María es nuestra Madre. ¡tristes de aquellos que no la conocen! ¡Tristes de aquellos que conociéndola, la olvidan, o por el orgullo de la inteligencia, o por el desvarío de la carne, o por el seco engaño del estoicismo! Cristo, modelo de varón, no quiso la rigidez amarga del estoico que esconde las lágrimas. Profundamente humano, Cristo lloró a vista de todos. Y nosotros, cristianos, tampoco tenemos por vergüenza el llanto. Somos, sí -debemos ser-, sufridores y bravos y enteros. Pero no asfixiamos la sensibilidad humanísima, en la inhumana sequedad de la soberbia. Más bien, con sencillez, de niños, dejamos nuestras lágrimas en el regazo de una Madre.
Y esta infancia espiritual -que Cristo muy señaladamente encareció en el Evangelio, y que florece lo mismo antaño en las Florecillas de Francisco de Asís que hogaño en las rosas de Teresita de Lisieux-, alienta para nosotros, con singularísima fragancia, en el candor enamorado de Juan Diego y en la tilma celeste del milagro. María, Madre en Cristo del humano linaje, quiso ser, con particular ternura y con la histórica plenitud, MADRE DE MÉJICO.

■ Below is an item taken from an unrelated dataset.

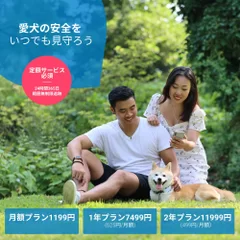 愛犬の安全をいつでも見守ろう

Porque la Virgen de Guadalupe se identifica con la substancia de la Patria. Ella presidió el nacimiento de nuestra nacionalidad. Quiso visitarnos -como a su prima Isabel en su gravidez- cuando estas tierras estaban “grávidas de Cristo” y aceleró el nacimiento de Él y su reinado entre nosotros de manera tan insólita y desproporcionada con los medios humanos, que todos los historiadores lo advierten y se asombran.
Ella, que consoló a los vencidos y amansó a los vencedores, no muestra fisonomía de india ni de española, sino de mejicana; y diríase que preludió en su dulce imagen la fusión de las dos razas que constituyen la nuestra, por las rosas de Castilla que se absorben y pintan en el ayate del indígena.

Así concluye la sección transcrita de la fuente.